Companies have had to figure out how to handle social media. Some are advancing well, others are stuck in the 1990s. Here’s a spectrum of ways companies can handle employees and social media:

spectrum-of-trust-for-employee-social-media

Social media sites blocked: This is an ongoing issue. More companies appear to be enlightened, but there’s still a persistent, old school strain that blocks them. Hard for your employees to engage in social media if they can’t get to the sites.

Only marketing engages social media: Also known as the YouTube Strategy. Social media is a thing that you use to go viral. Other employees may be out there, but they probably need to keep their company identity a secret.

Only approved employees engage: This is actually a company warming up to social media. It knows there is more than the YouTube Strategy. It wants employees to participate.

EMC found some good natural blogging talent internally that it promoted to be EMC’s external voices. And that has paid off well in terms of market engagement. [See update in the paragraph below – EMC is actually deputizing its employees as well.]

All employees are deputized: This is what IBM and Intel are doing. They are treating every employee as an individual brand manager out on the Web. They are deputizing them by giving them guidelines, setting expectations, and then letting them act on their own. It’s a wonderful way to let employees both (1) engage the market about their company and their work; and (2) learn from others as to the state of their fields.

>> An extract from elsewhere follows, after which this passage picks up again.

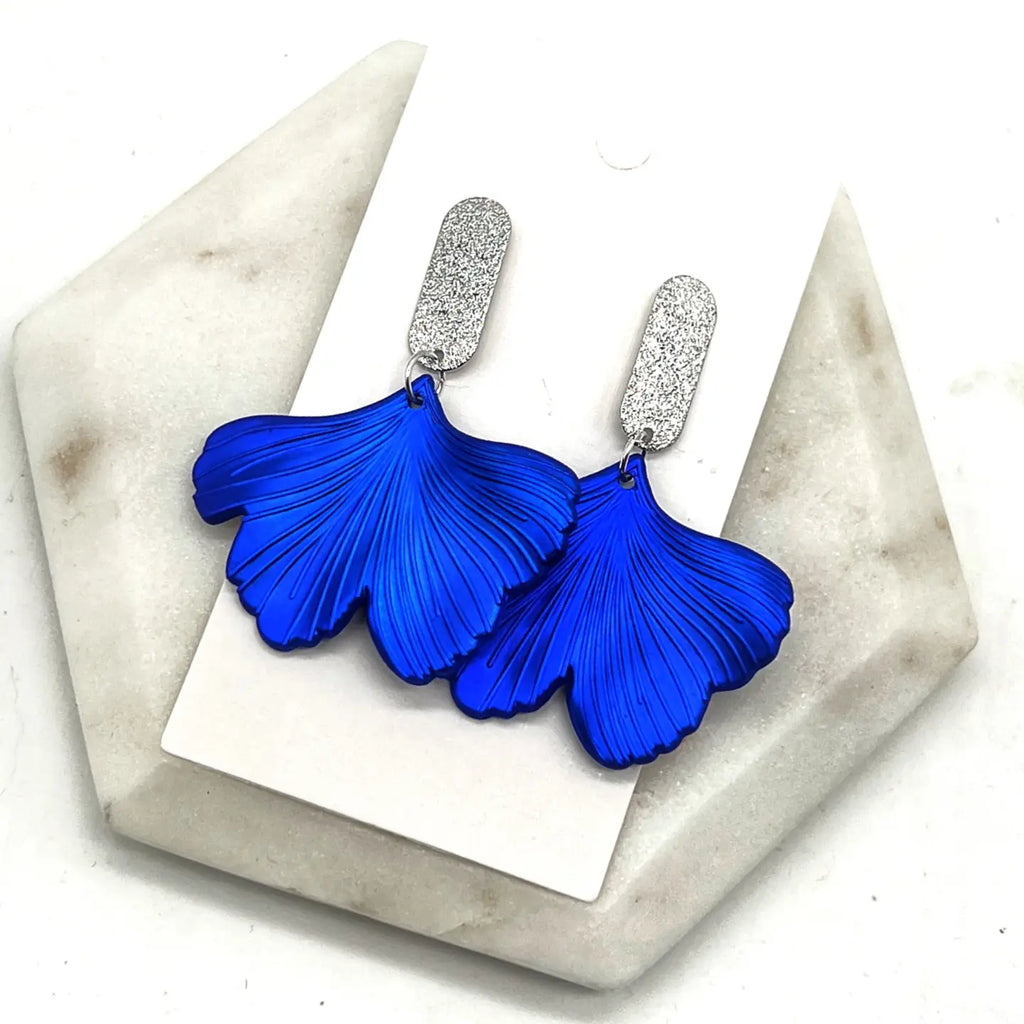 Royal Blue Ginkgo Leaf Handmade Earrings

UPDATE: Per the comments below, EMC is actually another proponent of deputizing all employees.

Everyone does their own thing: Not having any type of policy is the policy. This is the default position. And companies still benefit tremendously here. They just may have some employee behaviors they wouldn’t want to see.

Oddly enough, I’d say most companies are on either extreme. They either block social media, or have no policy. But IBM and Intel are pointing to a new thinking about how companies and their employees are engaging social media.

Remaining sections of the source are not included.